DULCES EMPRENDEDORES

Santiago Peralta y Carla Barbotó crearon una empresa que combina el cacao con hierbas nativas, y vende sus creaciones alrededor del globo Cómo se desenvuelve un emprendedor del chocolate.

Salir del chocolate con leche, maní, pasas o almendras puede resultar extraño. Pero el mundo del cacao encierra sabores y secretos impensados: yerba mate, rica-rica, cedrón, pimentón y sal del Cusco, por nombrar solo algunos.

Ecuador es el primer exportador en América de la materia prima que genera la fórmula más dulce de todas y que termina, casi siempre, bajo etiquetas multinacionales. Sin embargo, desde hace casi 20 años y gracias a la experiencia de Santiago Peralta y su mujer, Carla Barbotó —fundadores de la empresa nacional Pacari— Ecuador ya no solo vende cacao, sino que lo transforma en chocolate generando valor agregado. ¿Cómo? Reivindicando las raíces latinoamericanas a partir de la exclusiva combinación de plantas y hierbas nativas y apostando al mercado orgánico.

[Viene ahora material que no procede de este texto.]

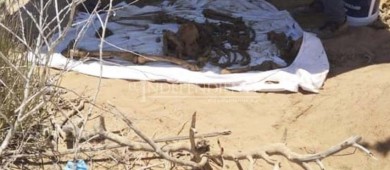 Colectivo de búsqueda ubican osamentas de al menos 4 personas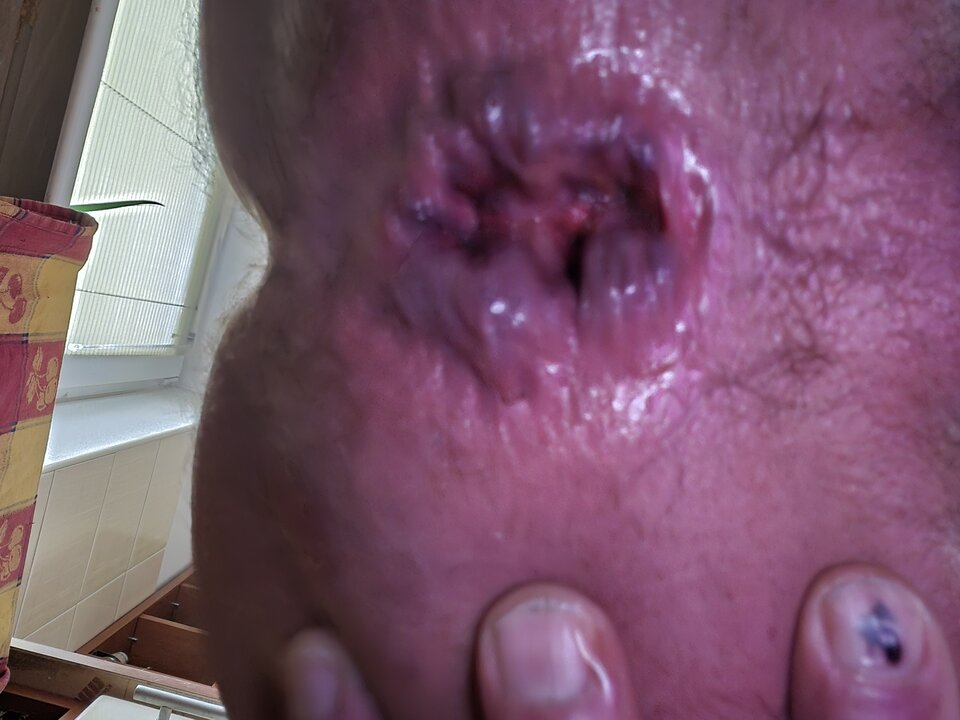 1000005651.jpg - Naturysta70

Hay toda una tradición familiar transmitida en generaciones, en los albores de este emprendimiento, estaba estudiando derecho y pasaba discutiendo temas que no me hacían sentido o que no entendía cómo disentían tanto de la realidad. Cuando me encuentro a mi mujer Carla, dándome cuenta que por ahí venía el disparo, comenzamos viendo como hacíamos algo para no arrepentirnos. O sea, yo ya venía de arrepentirme o de sentirme en el camino equivocado, y por ello dijimos: “Hagamos algo que nos haga bien, que estemos contentos, pensando a largo plazo, y que valga la pena pasar la vida dedicado a ello”. Fue así que comenzamos exportando flores orgánicas, productos orgánicos varios, maní de la selva, hasta que un día de esos nos encontramos con el cacao entre las demás materias primas que tenía el Ecuador y decidimos que desde ese entonces y para siempre generaríamos valor agregado.

El Ecuador ha vendido cacao como materia prima por 200 años. Sin embargo, nosotros nos propusimos hacer un camino diferente. Nuestro valor agregado consiste, asimismo, en reivindicar nuestras raíces culturales. Recientemente hemos sido premiados por nuestro chocolate con yerba mate. A raíz de una cata de chocolate, me propusieron hacer algo con la yerba mate y la empresa Guayakí me envió la materia y ahora tenemos esa versión de chocolate. También hemos sido reconocidos con los máximos premios por nuestra edición de chocolate con rica-rica que es una planta del Desierto de Atacama (Chile) que es similar al cactus y que tiene un sabor estupendo parecido al eucalipto, al sauco y al cedrón. En definitiva, desde nuestro propósito puedo afirmar que Latinoamérica está por descubrir por los propios latinoamericanos.

La idea es comenzar a colocar al chocolate como un embajador de sabores que no son populares e impulsarlo con fuerza en el mundo del dulce. Trabajamos los sabores y las bondades de plantas nativas como la muña muña, el cedrón, o la hierba luisa. Es decir, sabores que nos representan en Latinoamérica. El chocolate es conductor por excelencia de experiencias sensoriales que, por más que estemos en una reunión o encuentro digital, se disfruta de igual manera a ambos lados de la pantalla cosa que, por ejemplo, con un plato de pastas no ocurre lo mismo.

Trabajar solo para ganar plata me parece aburrido y algo que nos da razón de vivir es gastar esta única vida en algo interesante. Pero también ocurre que cuando tienes un emprendimiento con propósito lo vas a hacer rentable porque te vas a matar para que funcione. Los negocios son rentables porque estás motivado en hacerlo. Si el corazón no late, no camina, no funciona porque es un tema netamente pasional.

Emprendimiento, chocolate y amor parece ser la receta de este emprendedor ecuatoriano…con éxito.